Marine Institute Seeks Permission For Galway Bay Wind Turbines
Three wind turbines, much like the above, would be installed off Spiddal, the closest being 1.7km from shore.
Permission is being sought for up to three turbines, with a maximum height of 35m above sea level, that would be installed at different times at the current ocean energy test site off Spiddal, along with a prototype offshore power generating station that would cover an area of 37 hectares.
The entire project is open for public consultation. The Irish Times has more on the story HERE.
Latest public observations are to be found on the Protect Galway Bay’s Wild Atlantic Waves facebook page.
Application (FS006566) is for a Foreshore Lease ‘to construct an Electricity Generation Station’ in Galway Bay. This licence would allow this project to proceed without an environment impact report.
Proposed siting and view of structures, see view
The Foreshore Lease one year extension on the Galway Bay Test Site expired on the 19th March 2017. No news so far on the granting, or otherwise of the 35 year Foreshore Lease. The wave device on the test site was removed in the last two days; the owner of the devices said it was removed as the lease was not being renewed; the Marine Institute informed the public it was because the testing was over.
Regarding the current 35 year foreshore lease application: It has come to light that the NPWS (under the aegis of FG Minister Humphreys) was under the impression that an NIS statement was being prepared for the application in question. There is no NIS with the application. The NPWS has been made aware, repeatedly, of this omission which could result in serious negative impacts on Natura 2000 protected sites. However, the NPWS refuse to confirm that they have now informed the consenting authority, FG Minister Coveney’s office, of this serious omission by the applicant, the Marine Institute – also under the aegis of FG Minister Coveney). The NPWS are responsible for the protection of the Natura 2000 Networks and for advising planning authorities if, and how, a project may proceed complying with environmental legislation. In this case, one wonders why FG Minister Humphreys is satisfied (as stated by her in the Dáil) that her department (NPWS) has failed to advise FG Minister Coveney of the above concerns, and that an appropriate assessment (and and EIA) is necessary in order for the application to comply with National and EU legislation?
In the interests of the public and the general environment, the following questions are posed :-
Why did the NPWS not comment on the lack of a Natura Impact Statement (NIS) and/or the lack of an Environmental Impact Statement (EIS), (both defined in law), in its observations advising on the protection of surrounding Natura 2000 Networks in relation to the Foreshore Lease Application FS006566 to ‘Construct an Offshore Electricity Generating Station’ on Galway Bay, since the screening process identified likely significant effects on the integrity of European Natura 2000 sites?

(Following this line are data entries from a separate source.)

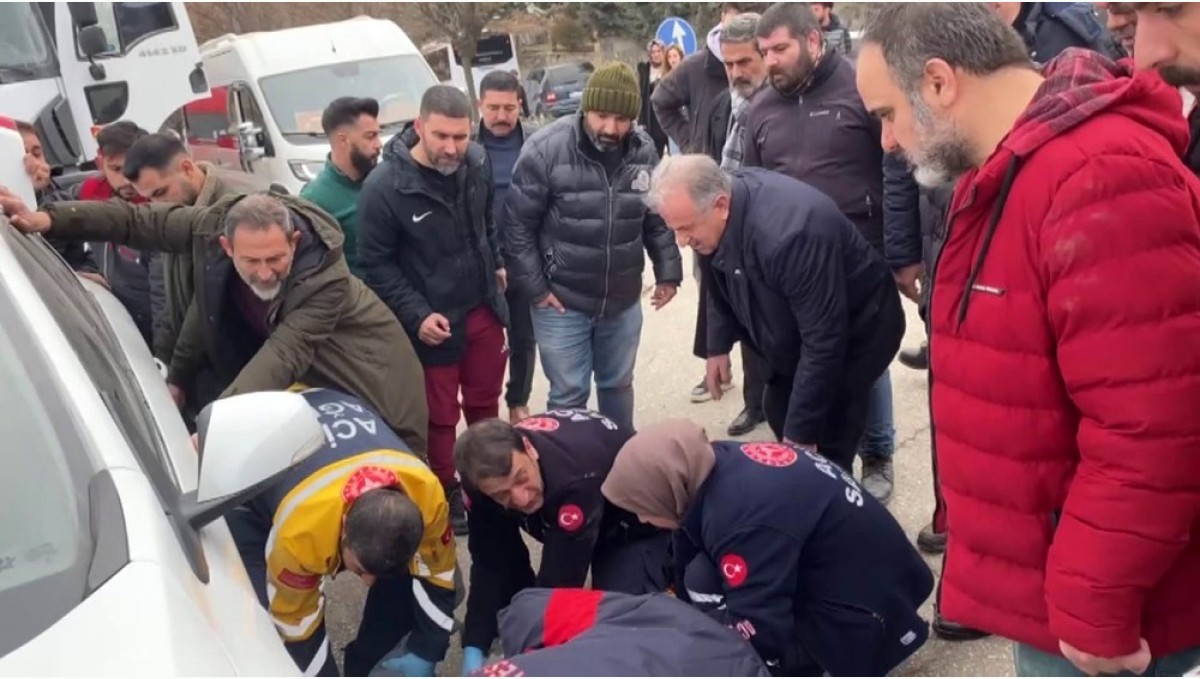 Elazığ'da feci kaza: Motokurye otomobilin altına girdi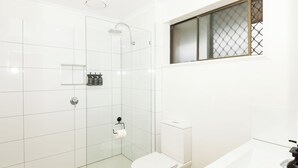 Hair dryer, towels, soap, shampoo - Greenacres Motel (Corowa)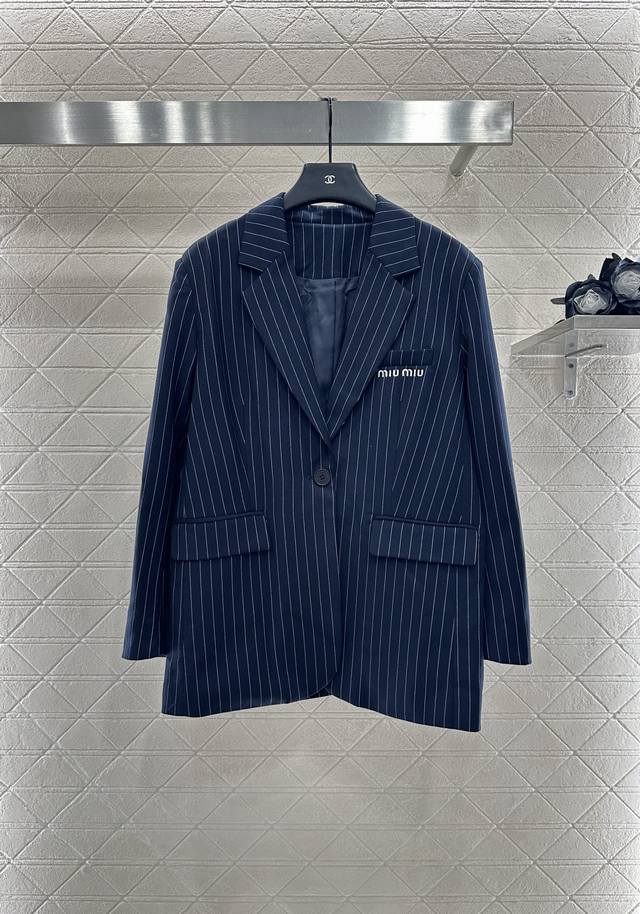 Miumi*2025新品上架 廓形条纹西装外套长裤套装 定制Yb进口材质 质感光泽高级 垂顺有型 正肩廓形西装直筒阔腿长裤套装 外套枪驳领搭配胸前立体裁剪 彰显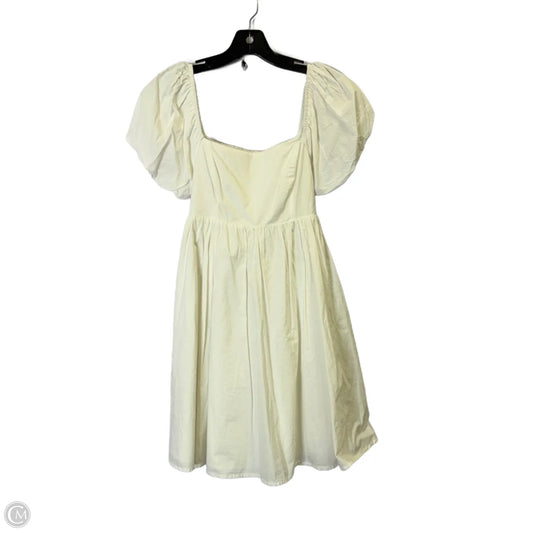 Dress Casual Short By Tcec In White, Size: S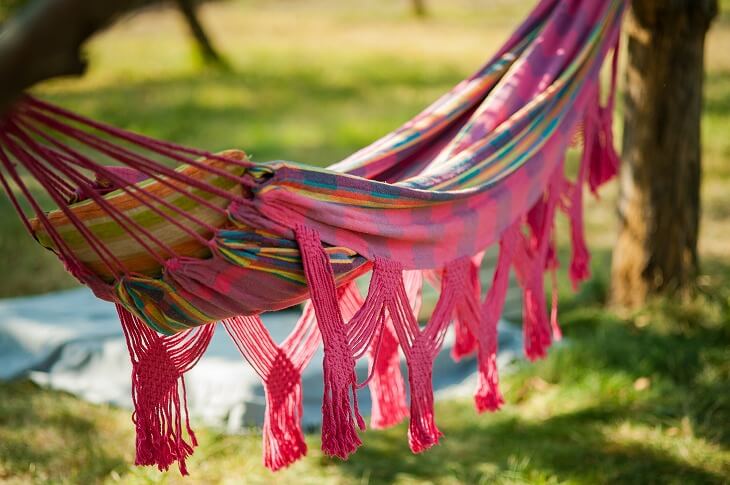 ハンモックの選び方と屋内 屋外設置方法 マンション内でロープを使用した設置も Logrenove ログリノベ ハンモックの選び方と屋内 屋外設置方法 マンション内でロープを使用した設置も Logrenove ログリノベ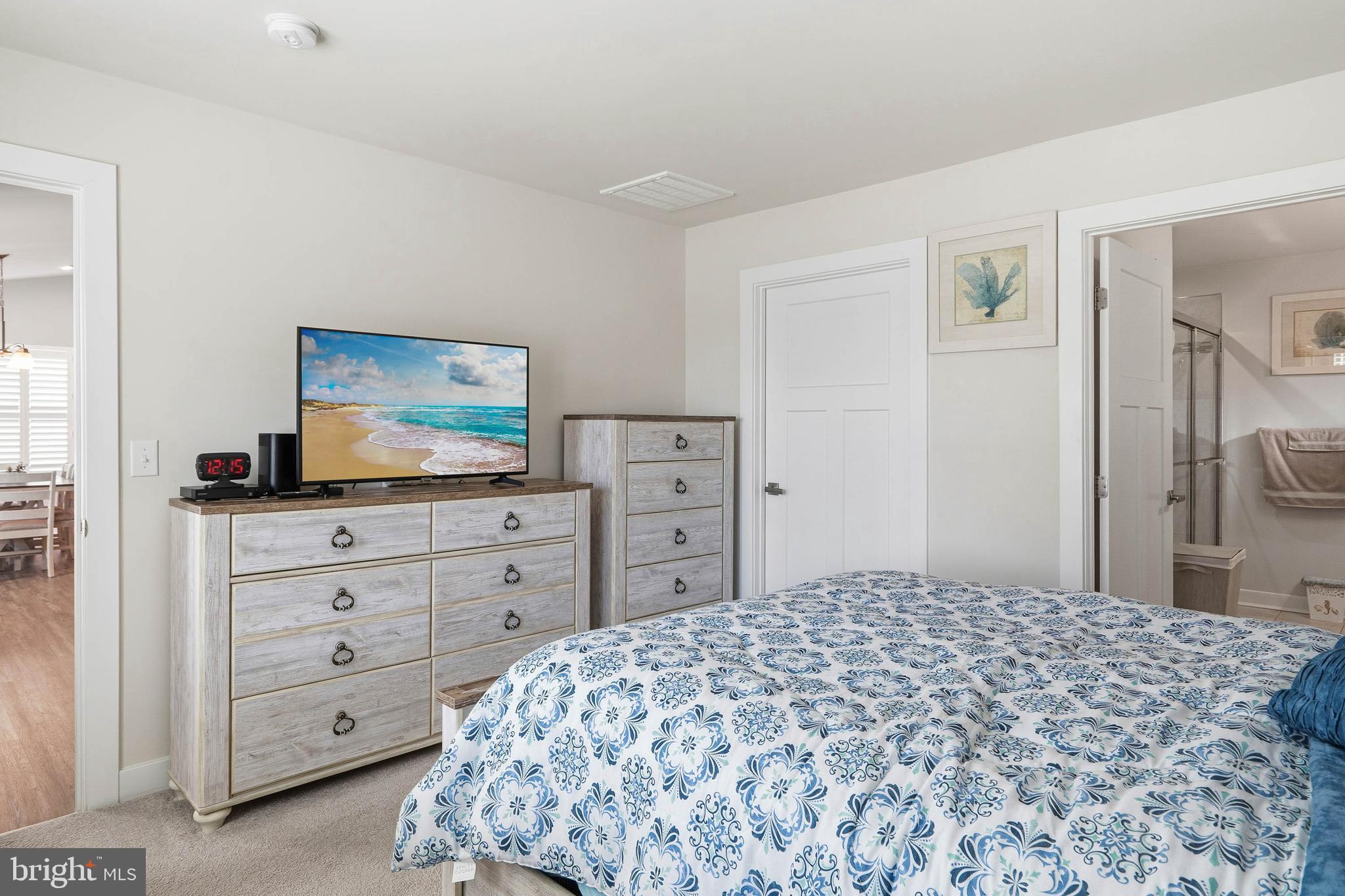 SWANN COVE WEST - Residential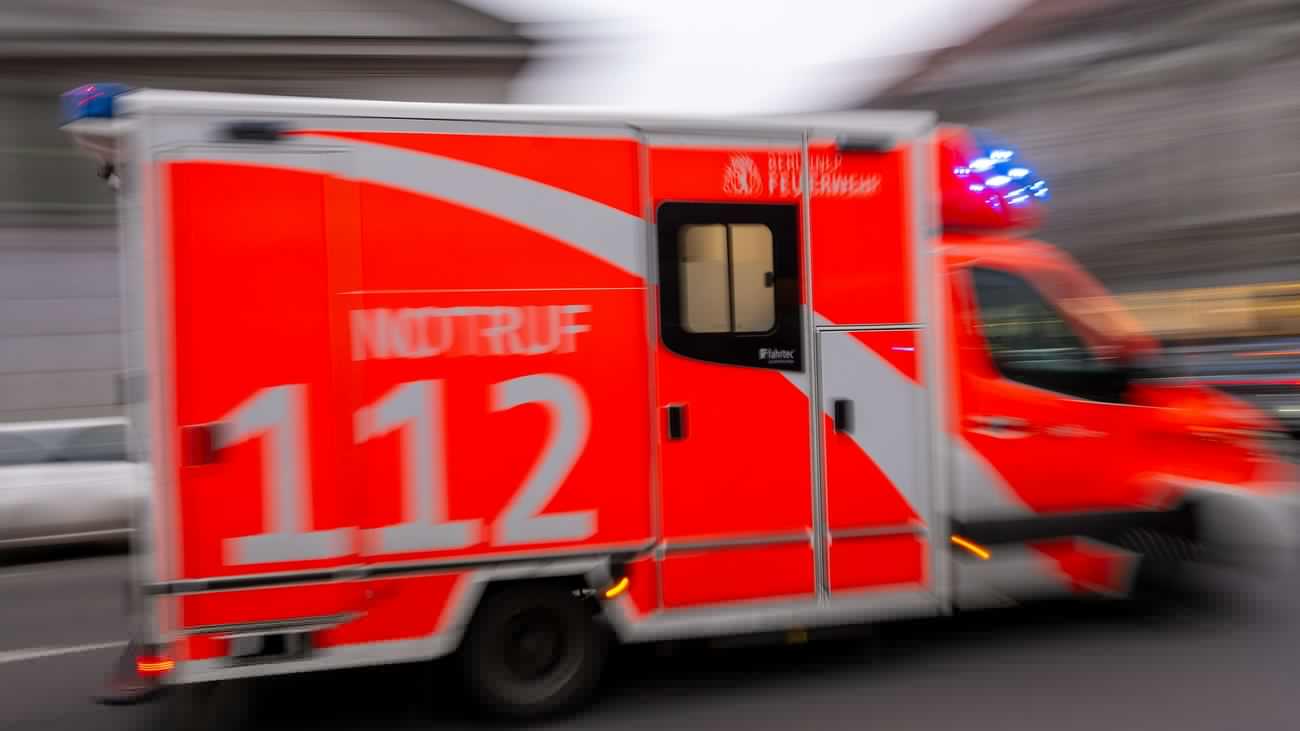 Notfälle: 90-Jähriger bei Unfall mit Straßenbahn schwer verletzt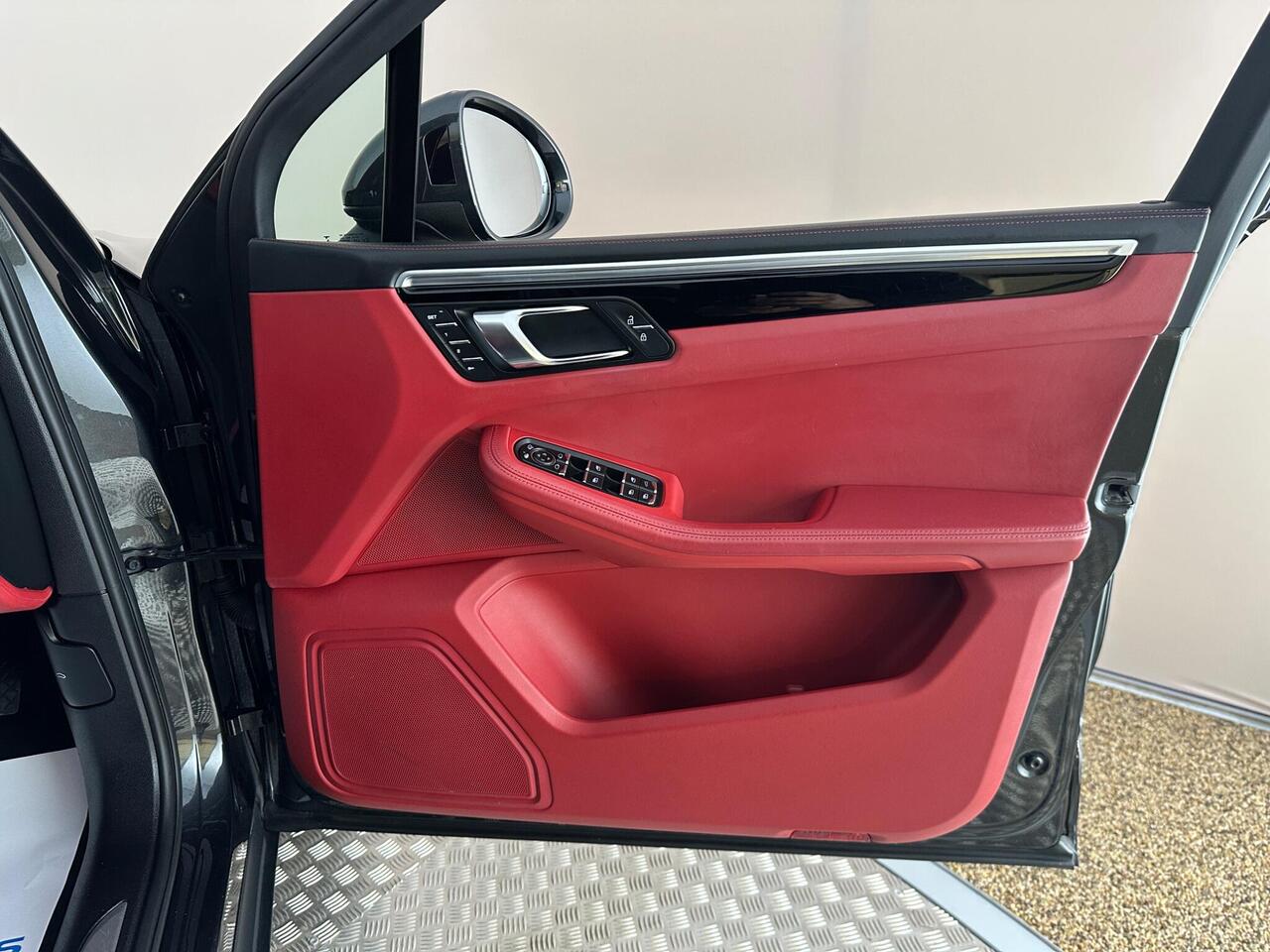 Porsche Macan AO20ZJJ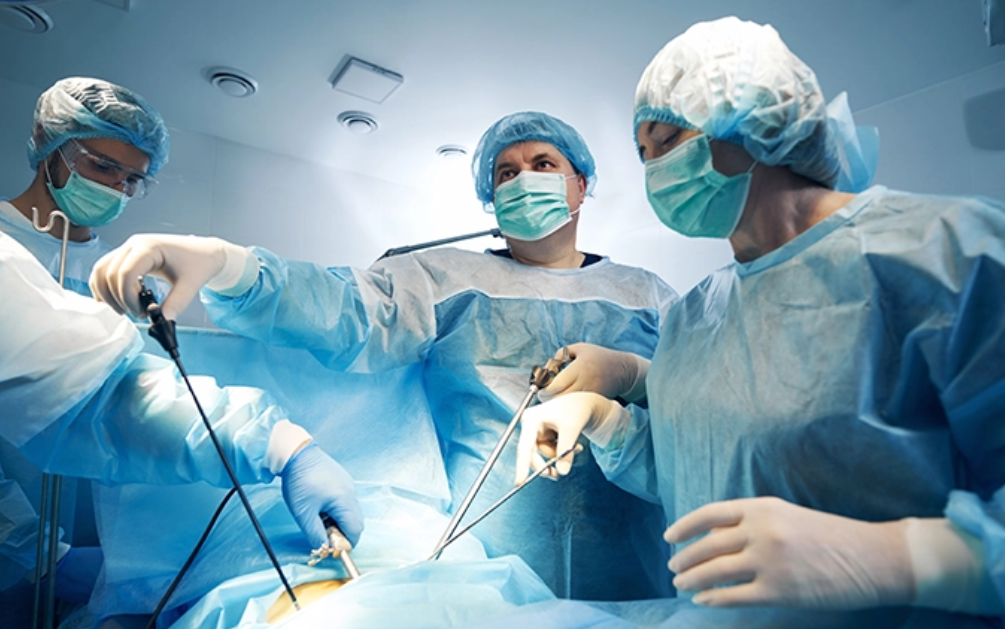 Skilled Hernia Surgeon in Dubai and General Surgeon in Dubai for Reliable Surgical Outcomes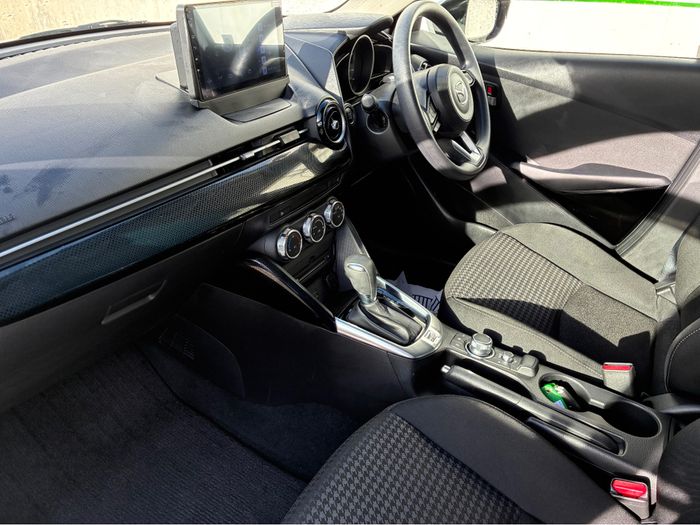 Mazda Demio 2017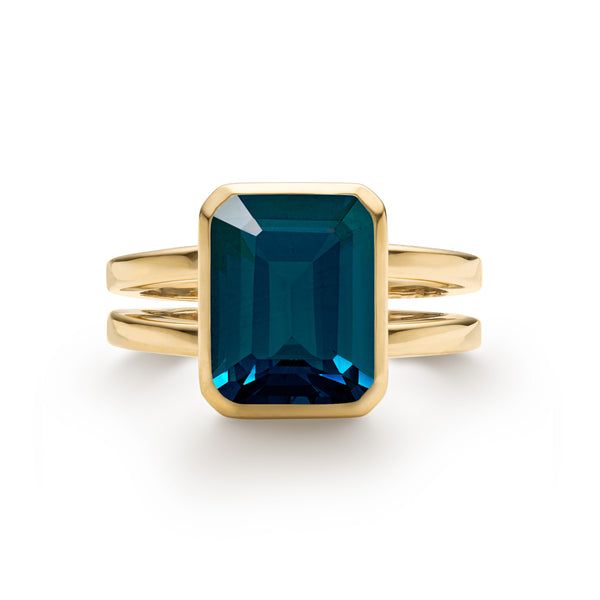 Warren Vertical Atlantic Blue Topaz Ring in 14k Gold (December) Heritage Fashion, Large Ring, Personalized Rings, 14k Gold Ring, London Blue Topaz, Blue Topaz Ring, London Blue, Topaz Ring, Amethyst Ring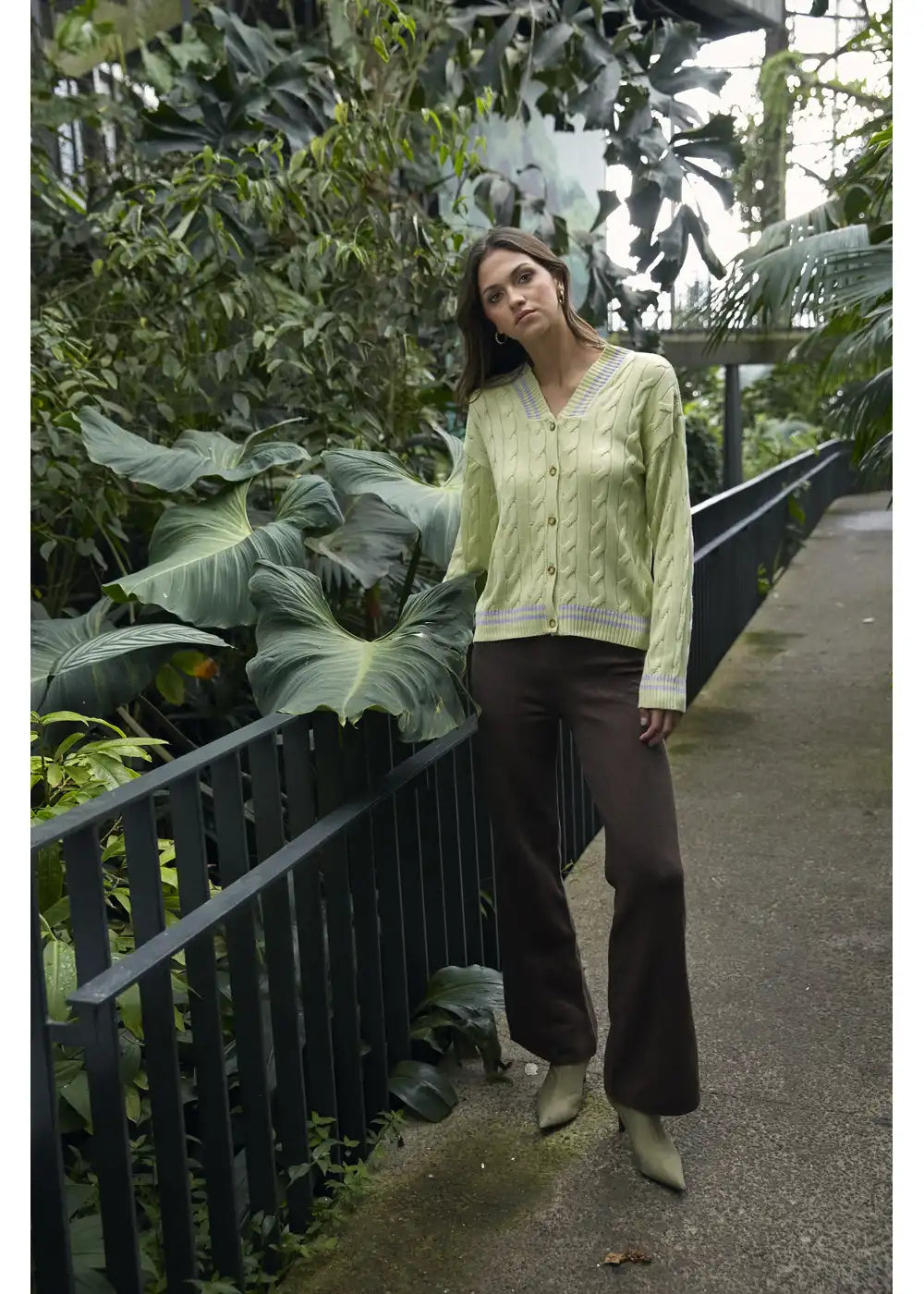 CARDIGAN SOPHIE en VERDE LIMA - Vista de espalda | ZEPHIR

Why did the NPWS not include concerns regarding in-combination effects an project-splitting in its observations to FG Minister Coveney’s department (DHPCLG) regarding the 35 year Foreshore Lease Application FS006566 to ‘Construct an Offshore Electricity Generating Station’ on Galway Bay?
Can it be confirmed that the NPWS, as a basic responsibility of an agent of the state, has acted diligently to ensure that their decisions in the exercise of their functions comply fully with their legal environmental obligations, and has informed FG Minister Coveney’s department (DPHCLG) of the above concerns which would have serious negative implications for Natura 2000 sites.